-- What to work on --
Reproduce exactly the lines below, from the first one through the line containing "McStuffins (Lot de 3)", and omit any pictures.

-----

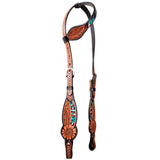 Bar H Equine Genuine Western American Leather Horse Premium Headstall & Breast Collar Set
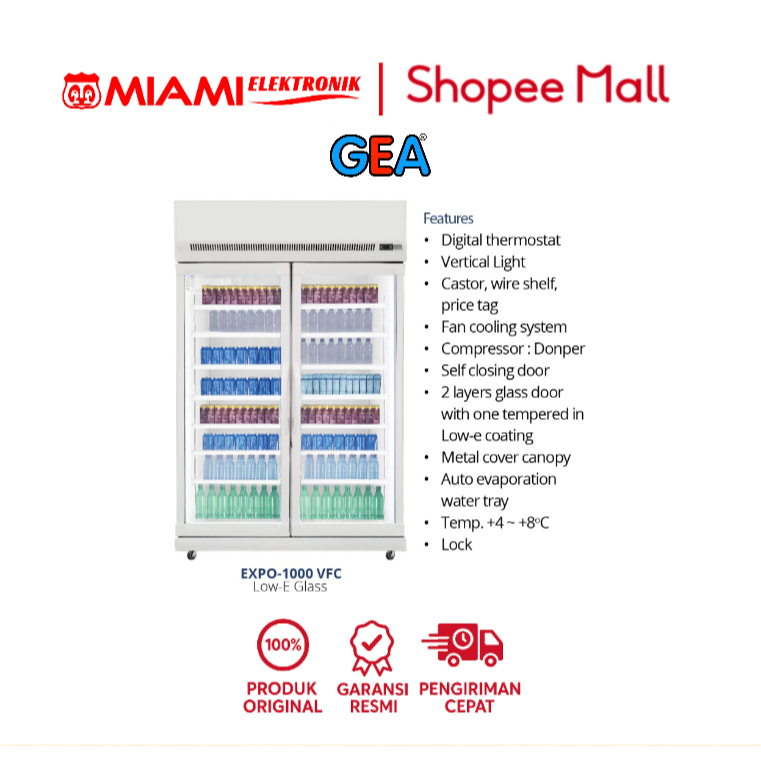 GEA DISPLAY COOLER EXPO-1000VFC / Showcase GEA 2 Pintu 1050 Liter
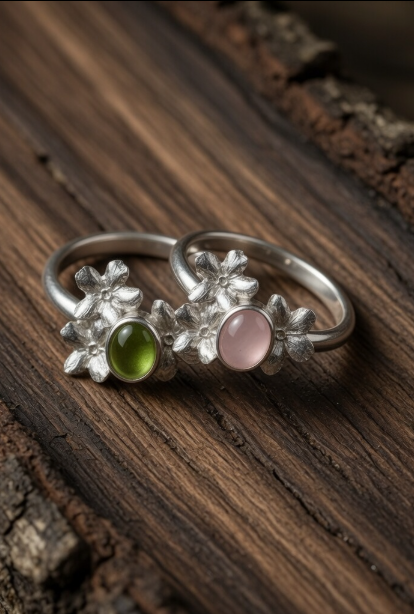 Vergissmeinnicht Ring mit Rosenquarz oder Peridot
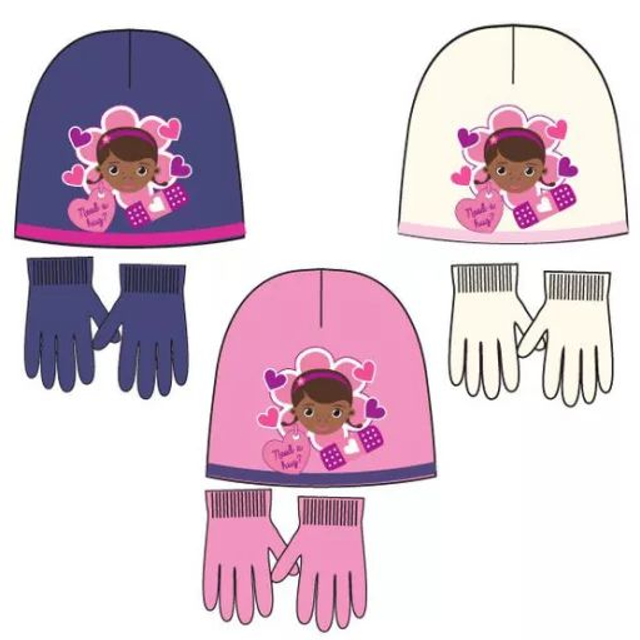 🩺 Ensemble Bonnet + Gants Disney Doc McStuffins (Lot de 3)
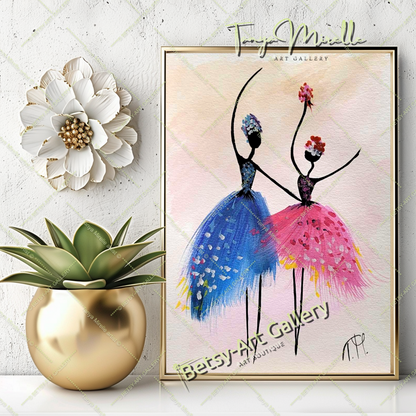 Ballerina Dance Art, Original Watercolor Ballet Painting, No Frame {{ shop_name }}watercolor abstract dance print art for girls Ballerina Dance ballerina print ballet decor ballet painting birthday gift colorful painting dance wall art dancer illustration dancer wall art elegant art gift for mom paper painting small painting watercolor art watercolor painting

-----

-- Problem solution --
 Bar H Equine Genuine Western American Leather Horse Premium Headstall & Breast Collar Set
 GEA DISPLAY COOLER EXPO-1000VFC / Showcase GEA 2 Pintu 1050 Liter
 Vergissmeinnicht Ring mit Rosenquarz oder Peridot
 🩺 Ensemble Bonnet + Gants Disney Doc McStuffins (Lot de 3)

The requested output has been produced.